[Search for users] [Overall Top Noters] [List of all Conferences] [Download this site]

Conference turris::digital_unix

Title:DIGITAL UNIX(FORMERLY KNOWN AS DEC OSF/1)
Notice:Welcome to the Digital UNIX Conference
Moderator:SMURF::DENHAM
Created:Thu Mar 16 1995
Last Modified:Fri Jun 06 1997
Last Successful Update:Fri Jun 06 1997
Number of topics:10068
Total number of notes:35879

9418.0. "Socket connections not closed when using getgrgid_r()" by BLAZER::MIKELIS (Software Partner's Eng. MR01-3/F26) Mon Apr 07 1997 17:54

Problem: Digital Unix 4.0A and getgrgid_r and threads

This note just cam in from an ISV. However the ISV cannot reproduce the 
problem. He is concerned that the number for open files may exceed
system limit and cause problems for their customers. Is this a known problem?
Will these socket connections eventually time out?

Description:

  Their Database server starts a thread.
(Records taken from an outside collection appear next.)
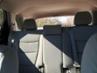 KIA SORENTO BASE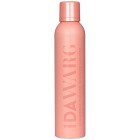 Ida Warg Luxurious Flower Shower Mousse 200 ml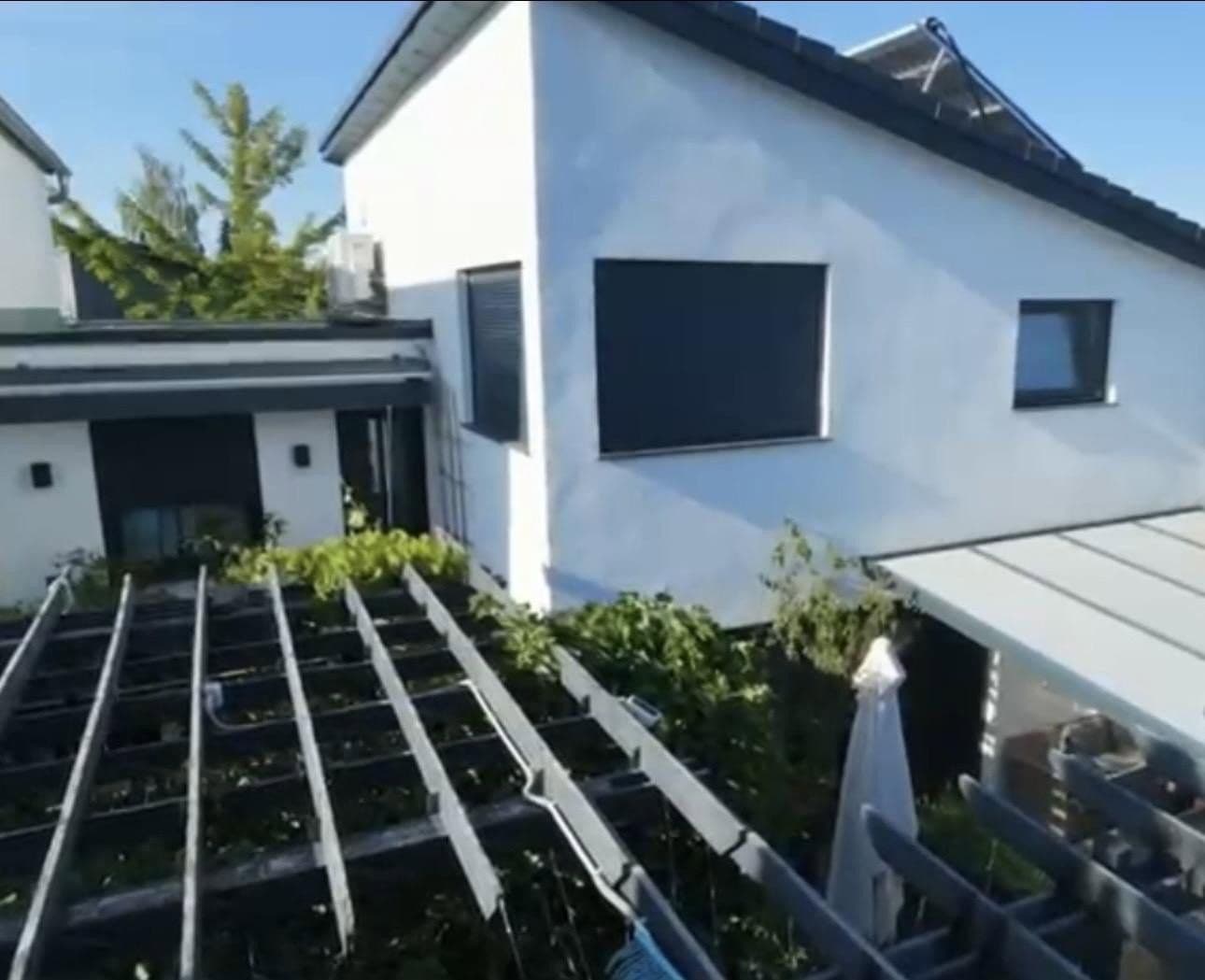 house for sale, 123 m², Weissach, Baden-Württemberg house for sale, 123 m², Weissach, Baden-Württemberg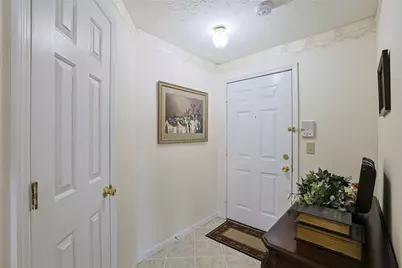 6714 Washington Circle, Middletown, OH 45005 - Photo 5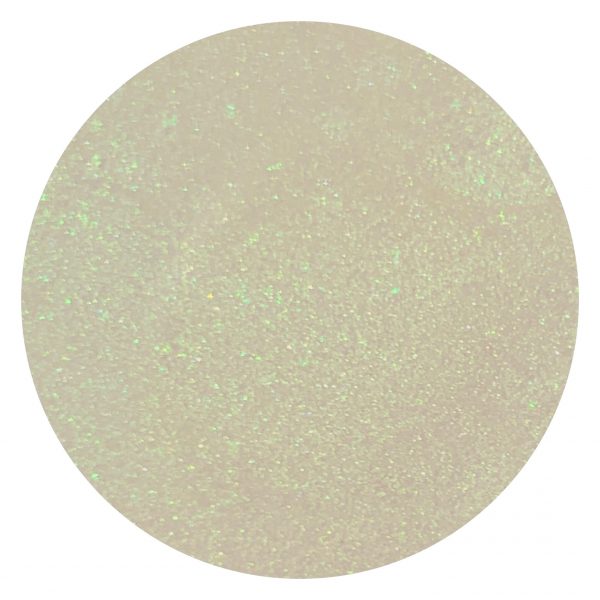 Green Interference Powder - mica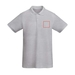 Prince Poloshirt aus Bio-Baumwolle für Herren-Standskizze11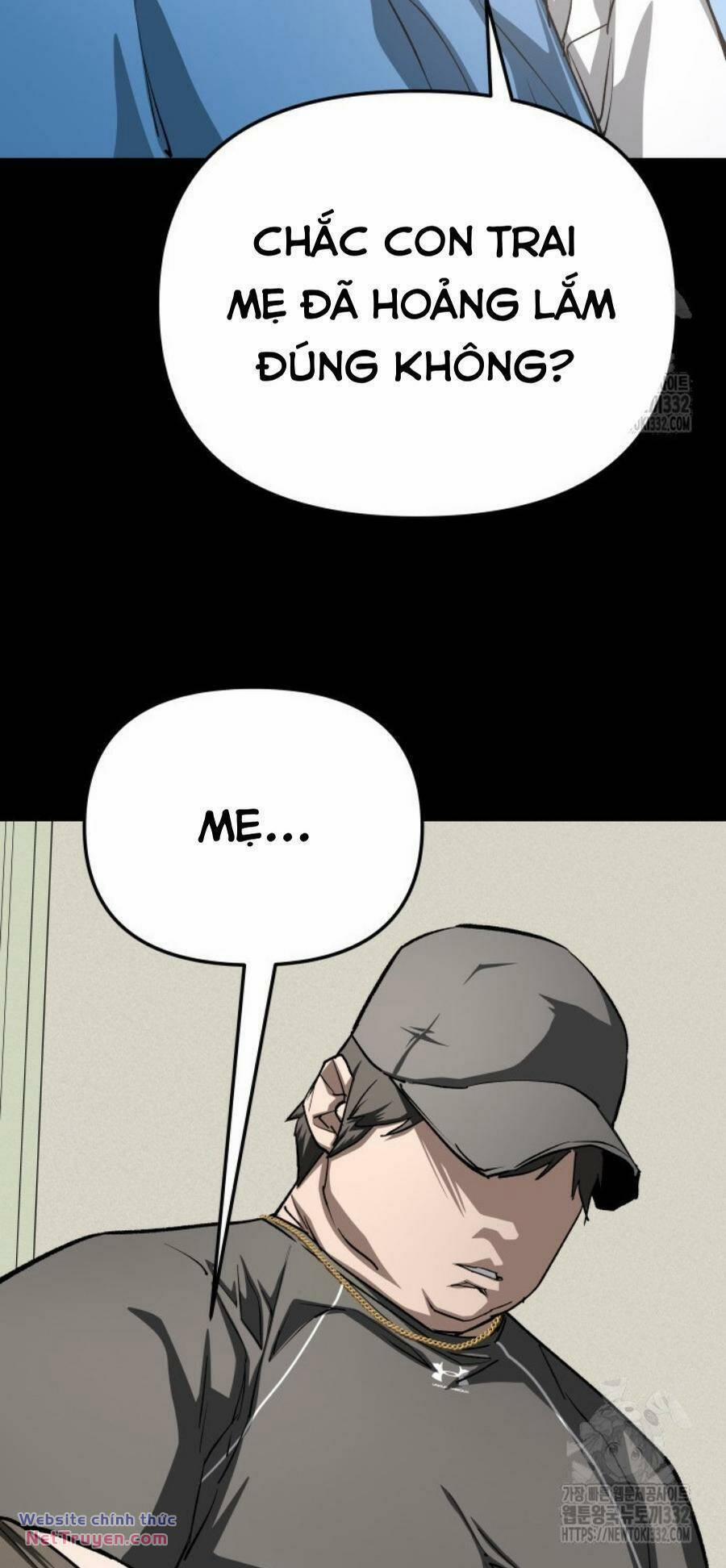 99 Thủ Lĩnh 27 trang 43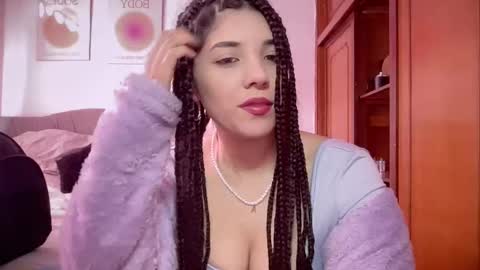 Natt online show from 01/06/25, 06:52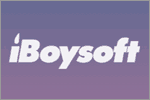 IBoysoft News Room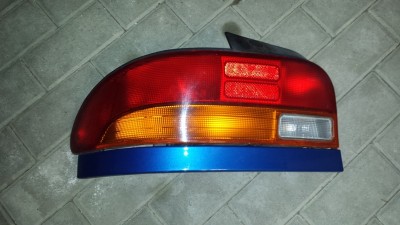 20140509_142912.jpg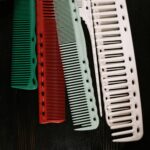 Sean Combs courtroom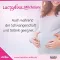 Instructions for use for Lactofem melkzuurbehandeling vaginale gel, 7x5 ml - 5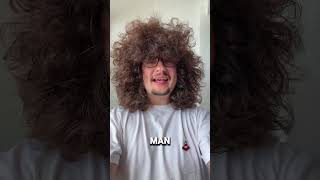 Day 566 of not cutting my hair until @manutd win 5 games in a row! ⏳ #hairgrowth #manunited #mufc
It calls getgrgid_r() within this 
thread and then eventually terminates this thread.  

It turns out that getgrgid_r() opens a UDP socket connection, but when running 
under 4.0A, this socket connection is not cleaned up.  Eventually, there are 
literally thousands of these open socket connections hanging around.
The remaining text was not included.